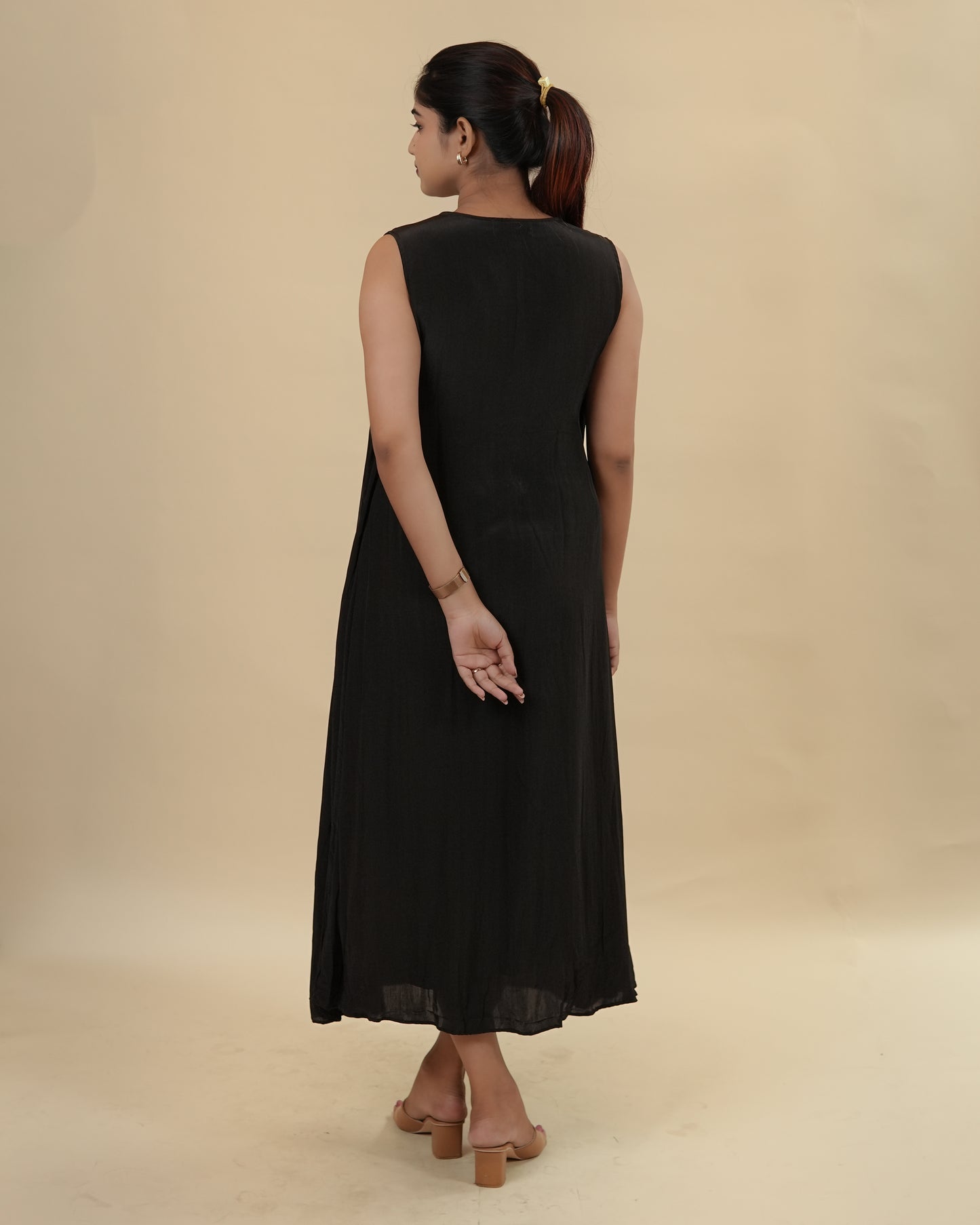 Elegant Black Dress with Embellished Neckline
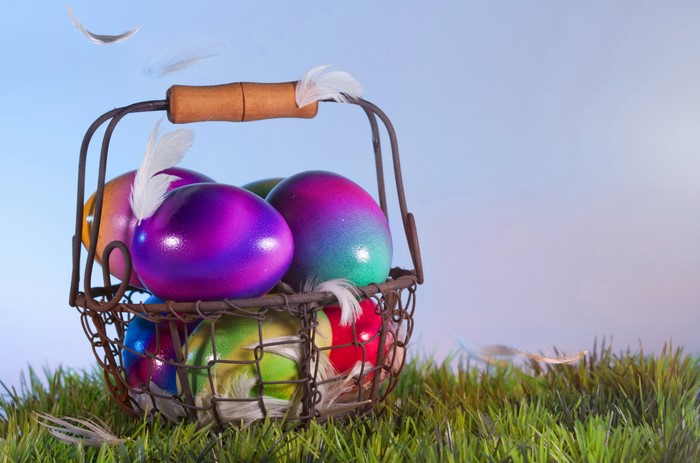 Easter eggs in a wicker basket on grass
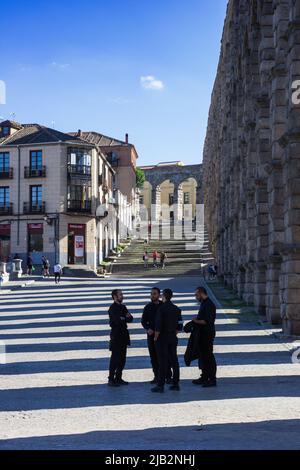 Hommes parlant dans la rue à l'aqueduc de Segovia, Espagne Banque D'Images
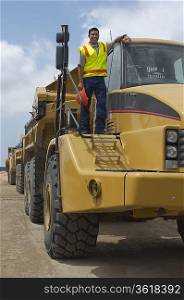 Worker standing on truck at landfill site, portrait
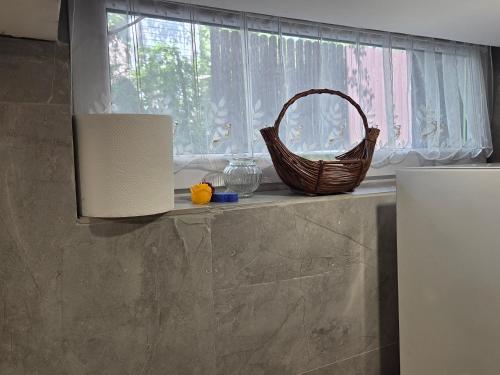 a basket sitting on a counter in a kitchen with a window at BECEJŁY de LUX in Becejły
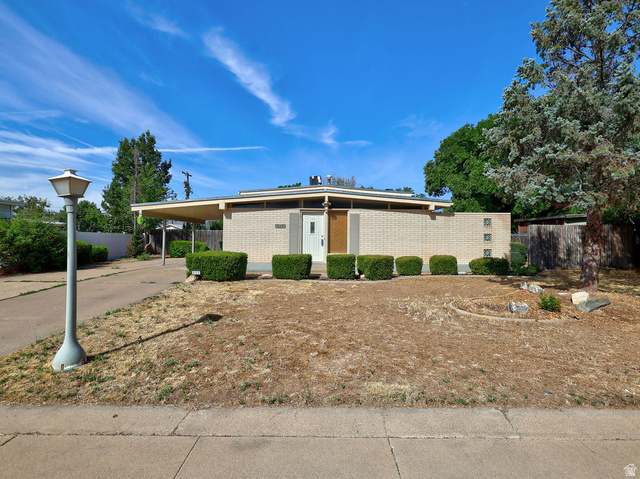 669 Colonial Avenue Layton, UT 84041 - Photo 1 of 51 Mid-century modern residence featuring a light-colored brick exterior, a flat roofline, and an attached carport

▬▬▬▬▬▬▬▬▬▬

Quote the data above exactly from the line with "Easter eggs in a wicker basket on grass" to the line with "a basket sitting", both ends counted, and nothing else. Pictures don't go in.

> **Solution for this task**:
 Easter eggs in a wicker basket on grass
 Hommes parlant dans la rue à l'aqueduc de Segovia, Espagne Banque D'Images
 Worker standing on truck at landfill site, portrait
 a basket sitting on a counter in a kitchen with a window at BECEJŁY de LUX in Becejły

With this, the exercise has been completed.